▶ _Work item_
Exclude the pictures. Transcribe exactly, and only, the lines from the one holding "Продам диван книжка" to the end of the material below.

▶ _Information supplied_
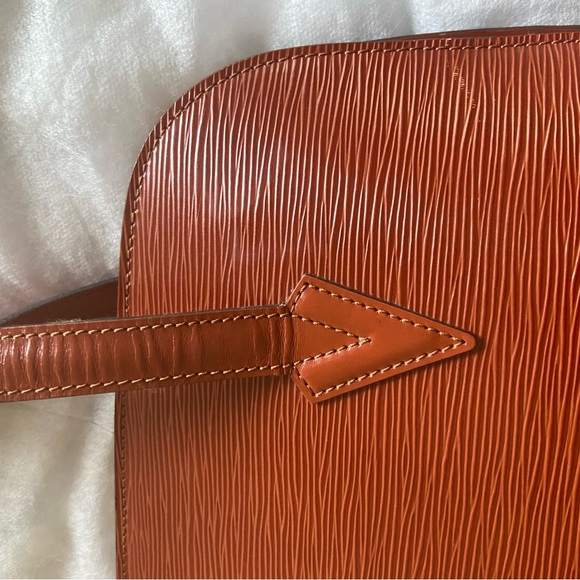 100% Louis Vuitton Kenyan Fawn (Brown) Epi Leather Lussac - Picture 4 of 14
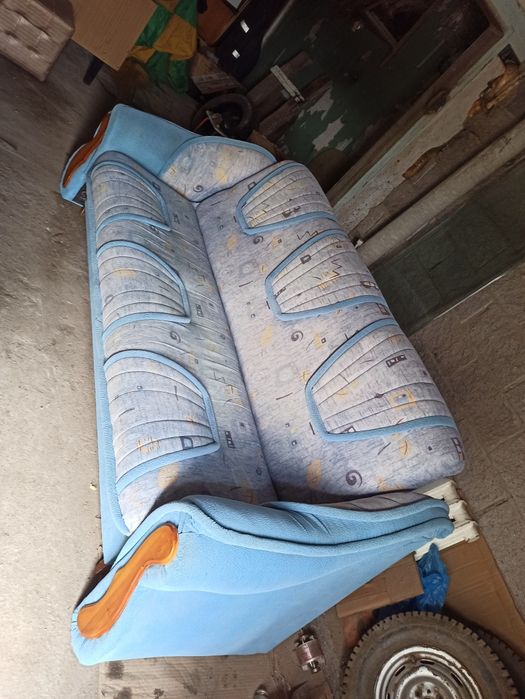 Продам диван книжка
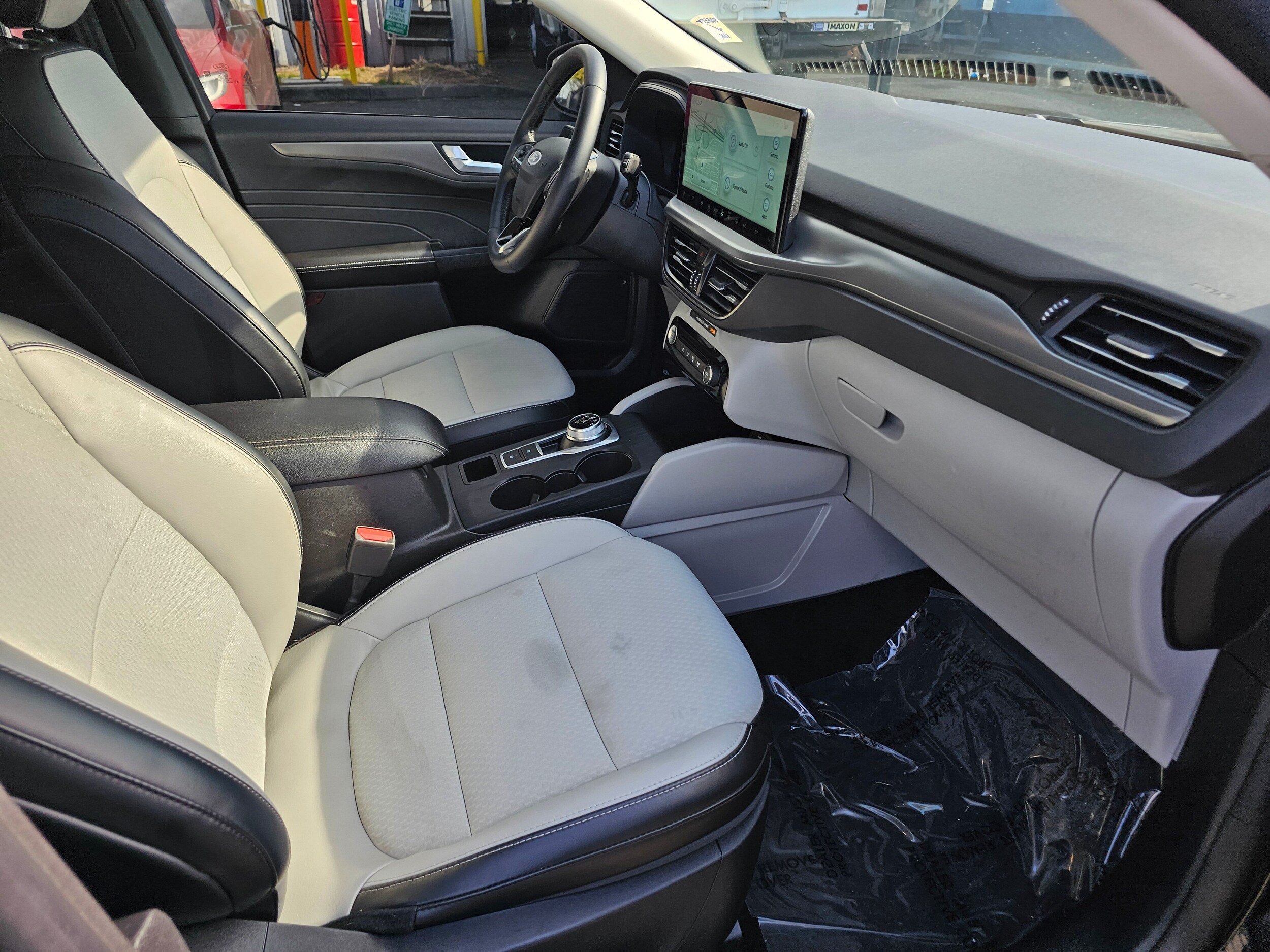 Certified 2025 Ford Escape SE w/ Class II Trailer Tow Package FWD image 12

▶ _Answer_
 Продам диван книжка
 Certified 2025 Ford Escape SE w/ Class II Trailer Tow Package FWD image 12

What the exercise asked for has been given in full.